Max Oppenheimer schreibt, nachdem er über seine eigene kurze Exilzeit bei einer Familie am Genfer See berichtet hatte, für die ihm monatlich 25 Franken von einem Schweizer Hilfskomitee gezahlt wurden: »Arbeiten durfte ich nicht, und so hatte ich viel Zeit, herumzulaufen (…) Besonders zogen mich Buchhandlungen an, die ähnlich wie entlang der Seine in Paris Kästen vor den Schaufenstern aufgestellt hatten, in denen antiquarisch Groschenheftchen, aber auch sogenannte gute Literatur in allen möglichen Sprachen zu finden waren. Eines Tages sah ich zwischen all dem Wust einen broschierten Band mit dem Titel ›Die Moorsoldaten‹ von Wolfgang Langhoff. Ich konnte mir darunter nicht viel vorstellen. Was bedeutete schon für mich damals das Wort ›Moorsoldaten‹. Doch der Untertitel ›13 Monate Konzentrationslager‹ elektrisierte mich, da ich ja selbst nur wenige Wochen zuvor aus dem KZ Dachau entlassen worden war. So fing ich an zu lesen: Von der Verhaftung Langhoffs nach dem Reichstagsbrand, den Verhören und Mißhandlungen durch SA und SS und schließlich der Überführung ins Moorlager.«
Oppenheimer erzählt weiter, wie er mit dieser Lektüre befasst war. Aus Armutsgründen stehend an den Buchhandlungskästen »immer zitternd, ob das Buch nicht inzwischen verkauft war, um dort weiterzulesen, wo ich am Tag zuvor aufgehört hatte. Wie gerne hätte ich die wenigen Franken, die es kostete, bezahlt, doch dazu reichte mein Geld nicht. Die Magenfrage war wichtiger …« Jedoch resümiert er, dass für ihn Langhoffs Ausführungen »eine direkte Aufforderung, selbst etwas zu tun«, enthalten hätten.
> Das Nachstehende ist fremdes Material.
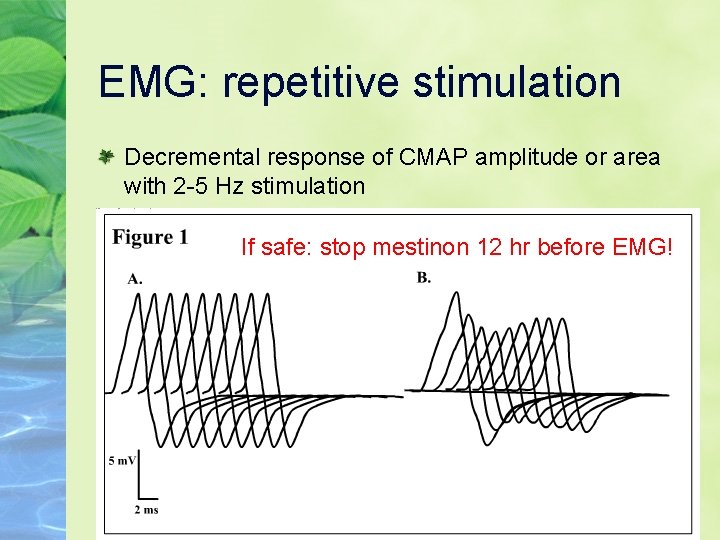 EMG: repetitive stimulation Decremental response of CMAP amplitude or area with 2 -5 Hz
»Ich war damals 19 Jahre alt und hatte außer Schulaufsätzen und Briefen an meine Eltern und Freunde noch nichts geschrieben. Doch nun setzte ich mich hin und verfasste einen ausführlichen Bericht über das, was ich in Dachau erlebt hatte. Mit einem freundlichen Begleitbrief schickte ich das Epistel an die Baseler Nationalzeitung zum Abdruck. Den Inhalt des Antwortschreibens habe ich noch immer im Kopf. Von den guten Beziehungen der Schweizer Regierung zum Hitler-Reich, von der Notwendigkeit, diese nicht zu zerstören, war darin die Rede, und im übrigen wurde mir höflich, aber deutlich erklärt, daß mein Bericht doch wohl ein wenig übertrieben, subjektiv und sehr durch die Emigrantenbrille geschrieben sei. Natürlich war ich durch diesen Brief enttäuscht und verbittert. Doch die Lektüre der ›Moorsoldaten‹ hatte mir geholfen, Maßstäbe zurechtzurücken, die Dinge in ihrer richtigen Proportion zu erkennen und Kraft zu sammeln, um mich mit Unrecht und Verfolgung auseinanderzusetzen.«
Diese Kraft behielt Max Oppenheimer in den auf den Schweizer Aufenthalt folgenden Exiljahren und nach seiner Rückkehr in die alte Heimat. Sein Vater und sein Bruder waren Opfer des Holocaust geworden. Zuerst in Stuttgart, dann wieder in Heidelberg und Wiesloch und viele Jahre lang in haupt- und ehrenamtlichen Funktionen in Gremien und in Publikationen der damaligen VVN-BdA-Bundesorganisation in Frankfurt am Main engagierte er sich in der Friedensbewegung und gegen alten und neuen Faschismus. Im Jahr 1984 promovierte er überdies noch mit der Dissertation »Vermittlung des antifaschistischen Widerstandes 1933–1945 als Beitrag zur demokratischen Erziehung der jungen Generation« zum Dr. phil. an der Uni Bremen.